Artigo Nº 181 – RETOMADA DE CASA POPULAR 1

Imobiliárias, construtoras e escolas estão passando por situações kafkianas, que lhes provocam justa indignação. Por terem cobrado multas de 10% de seus clientes sobre prestações em atraso, quando pela legislação atual o valor máximo da multa, em determinadas circunstâncias, foi reduzido a 2% (dois por cento), são obrigadas a pagar multas de 100% (cem por cento!!) sobre o valor que receberam a mais, ainda que discutível, a fim de não se submeterem a processo ou para aplacarem a ira dos novos inquisidores.

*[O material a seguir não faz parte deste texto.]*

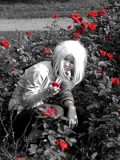 Top-3-Foto - von Sery_SK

Esclarecendo melhor a questão, ocorre o seguinte. Sob a alegação de que a imobiliária cobrou multa indevida ou juros acima dos previstos, alguns órgãos de defesa dos consumidores estão forçando os reclamados a devolver em dobro o que receberam acima do permitido, segundo critérios e pré-julgamento dos próprios órgãos, invocando para tanto o disposto no art. 1531 do Código Civil.
Devolução em dobro, qualquer que seja o cálculo matemático que se faça, representa uma sanção de 100 por cento, que  não é denominada de multa, mas, para quem recebe a ameaça, tem natureza idêntica, pouco importando o nome que se lhe dê.

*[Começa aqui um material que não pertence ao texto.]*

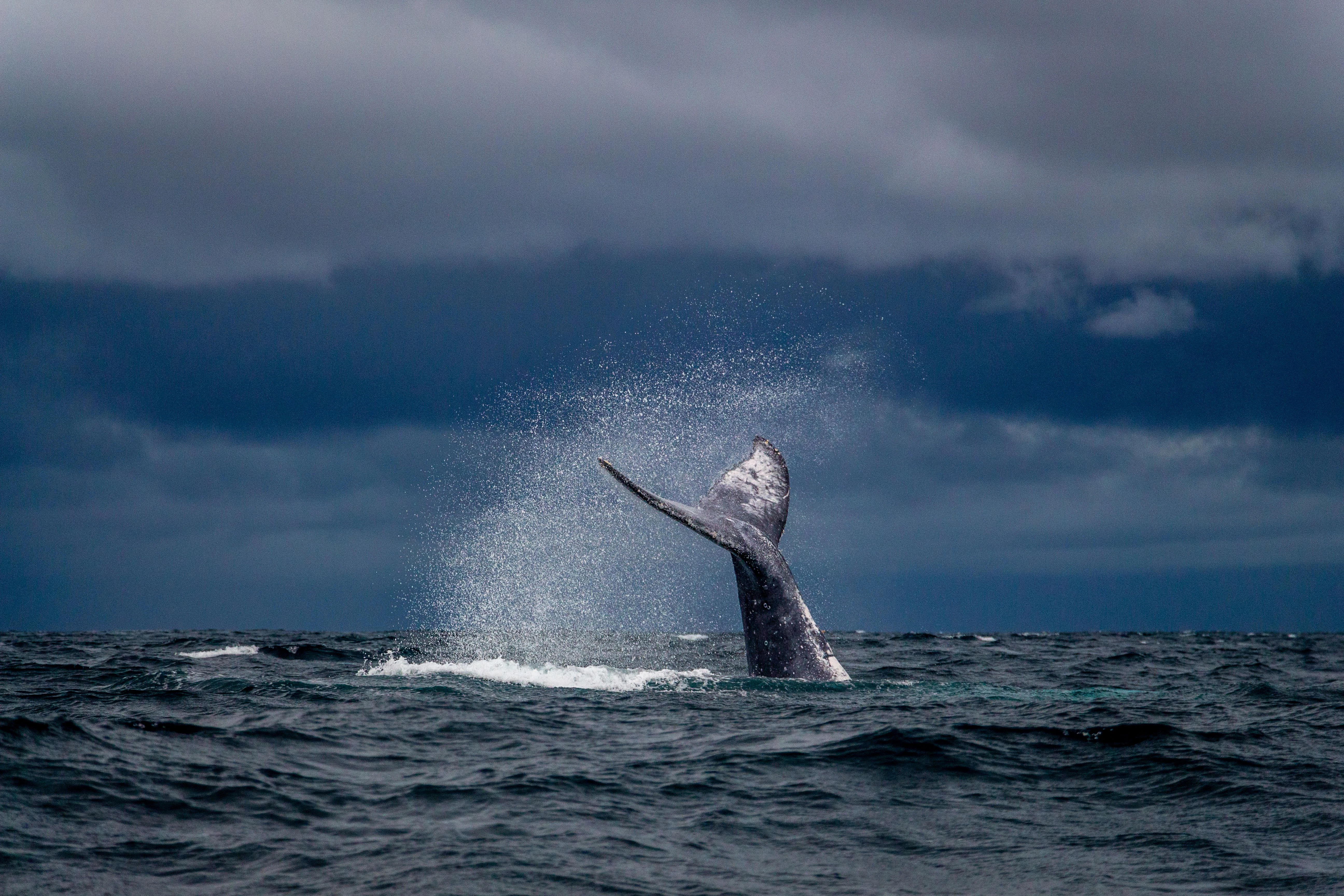 A humpback whale gracefully dives beneath the clear blue waters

Vejamos o que diz o Código Civil:
“Art. 1.531. Aquele que demandar por dívida já paga, no todo ou em parte, sem ressalvar as quantias recebidas, ou pedir mais do que for devido, ficará obrigado a pagar ao devedor, no primeiro caso, o dobro do que houver cobrado e, no segundo, o equivalente do que dele exigir, salvo se, por lhe estar prescrito o direito, decair da ação”.

O Código de Defesa do Consumidor reforça a pena estabelecendo que “O consumidor cobrado em quantia indevida tem direito à repetição do indébito, por valor igual ao dobro do que pagou em excesso, acrescido de correção monetária e juros legais, salvo hipótese de engano justificável” (Lei 8.078, art. 41, parág. único).

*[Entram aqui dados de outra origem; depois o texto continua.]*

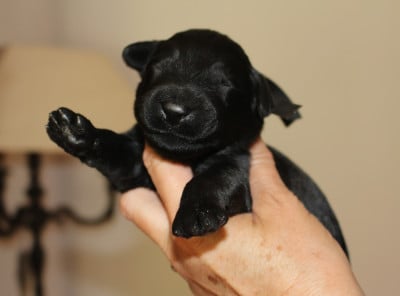 Les chiots de Berger de Brie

Por sua vez, o Supremo Tribunal Federal já decidiu que “Cobrança excessiva, mas de boa-fé, não dá direito às sanções do art. 1.531 do Código Civil” (Súmula 159).

Se a empresa agiu com boa ou má-fé, se a multa que cobrou é efetivamente indevida, se os juros cobrados são realmente maiores do que os devidos, se aplicável em uma ou outra hipótese a punição do art. 1.531, é difícil dizer. O que as empresas têm dificuldade de compreender é que decisões de tal importância fiquem nas mãos de pessoas leigas, que não raro se julgam superiores e se comportam como únicas possuidoras da verdade, impondo soluções que ferem o senso de justiça e de eqüidade. Não entendem, os representantes das imobiliárias, construtoras e escolas, que por terem cobrado discutível multa de 10% sejam obrigados a pagar multa de 100% (cem por cento) sobre valores que receberam além da inexpressiva multa de 2% (dois por cento) prevista na atual lei. Não as consola ouvir dizer que o art. 1.531 do Código Civil não foi revogado e que se trata de circunstâncias nem que poderão recorrer ao Judiciário, caminho que lhes parece longo e onerosos.

EXPOSIÇÃO AO RIDÍCULO

Diz o Código de Defesa do Consumidor que “na cobrança de débitos, o consumidor inadimplente não será exposto a ridículo, nem será submetido a qualquer tipo de constrangimento ou ameaça” (Lei 8.078/90, art. 41). Nobre e avançada a intenção do legislador. Assim dispondo, acabou com as listas de “devedores relapsos” que eram divulgadas em ambientes de circulação de pessoas e até pela imprensa, em editais.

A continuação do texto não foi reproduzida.